In fact, his work may have been so effective that he began to attract attention in Antioch. During these years, Paul probably underwent many of the sufferings he mentions in 2 Corinthians 11:24-26. Several scholars think that the ecstatic experience mentioned in 12:1-9, with its accompanying thorn in the flesh, also took place before he came to Antioch. In a way, the church in Antioch had been a product of Paul’s pre-conversion persecution of the church in Jerusalem. Until they arrived in Antioch, the scattered believers had only presented the gospel to Jews (Acts 11:19). It was here that the Gentiles first heard the Good News (11:20), and many became believers (11:21). It is fitting that Paul, the apostle to the Gentiles (Acts 22:21; Romans 11:13), should appear in Antioch to formally begin the ministry to which he was called (Acts 26:17-18).
Barnabas and Paul stayed with the church in Antioch for a year. Their work there was so far-reaching that a new name, Christian, was coined to distinguish the believers in Antioch from Gentiles and Jews (Acts 11:26). Hearing of a famine in Judea, the disciples in Antioch sent relief to the believers in Judea and entrusted Barnabas and Paul with the delivery of the gift (11:30). When their mission was complete, Barnabas and Paul returned to Antioch with John Mark (12:25), Barnabas’s cousin (Colossians 4:10). Until this time, the spread of the gospel had been local and inward-looking.

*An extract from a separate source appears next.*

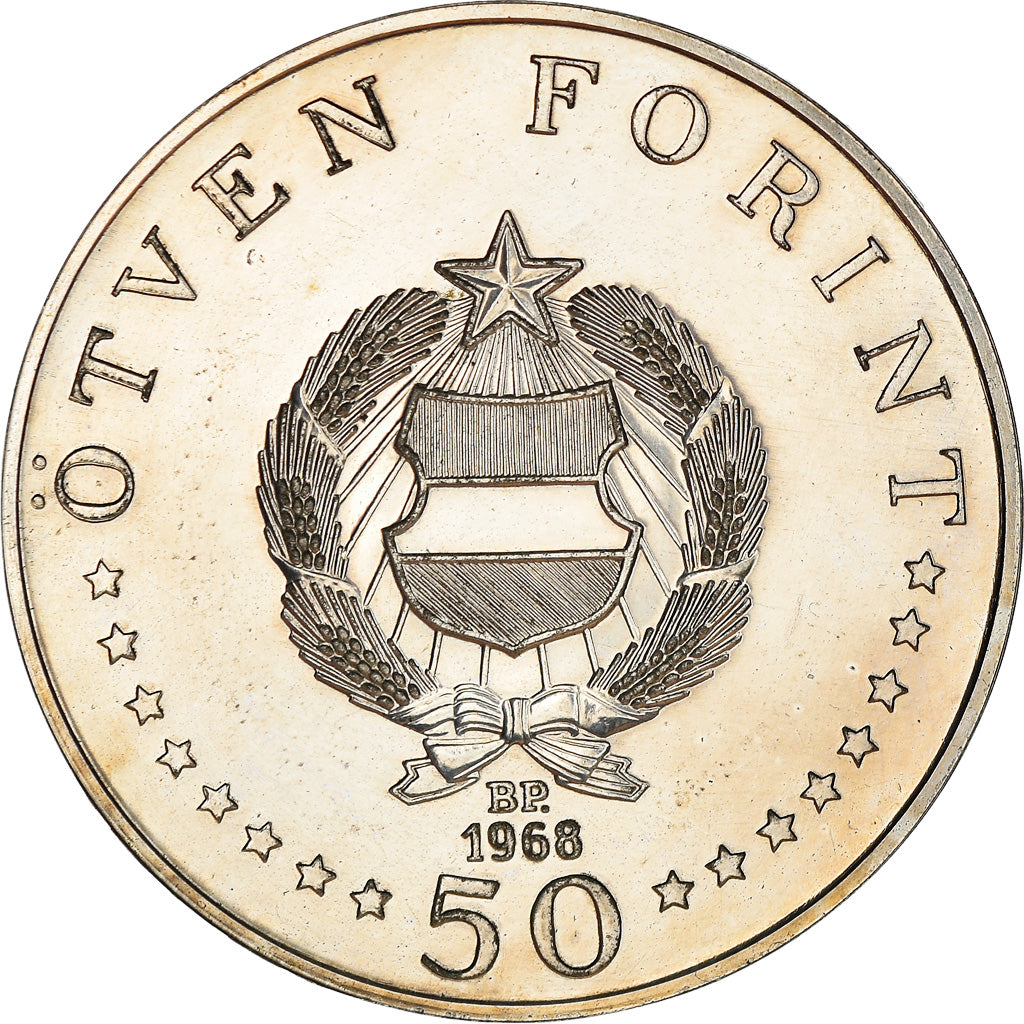 Coin, Hungary, 50 Forint, Otven, 1968, MS(63), Silver, KM:582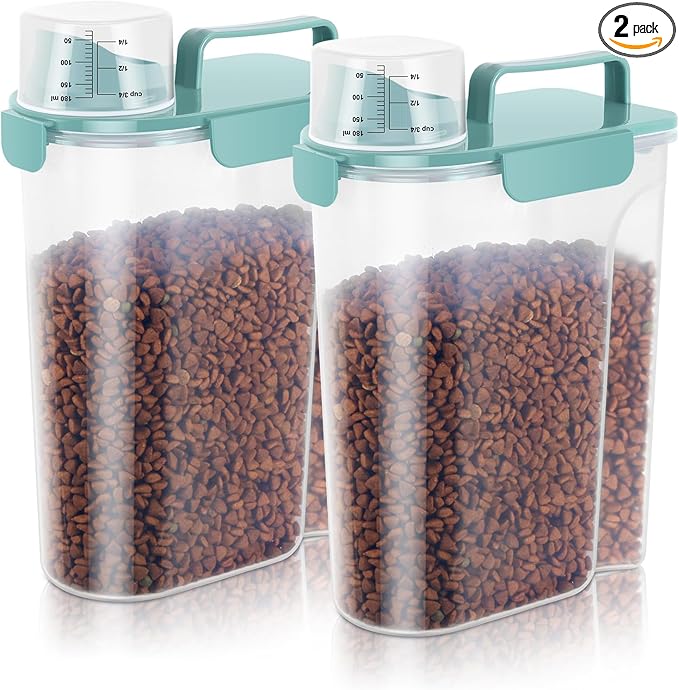 5-7Lbs Dog Cat Food Storage Container with Upgraded Large Nozzle BPA-free, 4 Snap Seals Plastic Pet Food Storage Containers with Handles (2, Elegant Blue, 5L)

Contacts were made in the homes, the marketplace, the streets, synagogues, and highways (Acts 3:1; 5:12, 42; 8:26-29; 10:22). But in Antioch, the Holy Spirit began a determined effort to evangelize the Roman Empire (13:1-3). By the Holy Spirit’s instructions, the church appointed Barnabas and Paul for this work. With the prayers and encouragement of the Antioch assembly, and with John Mark as their assistant, Barnabas and Paul sailed for Cyprus (Acts 13:4).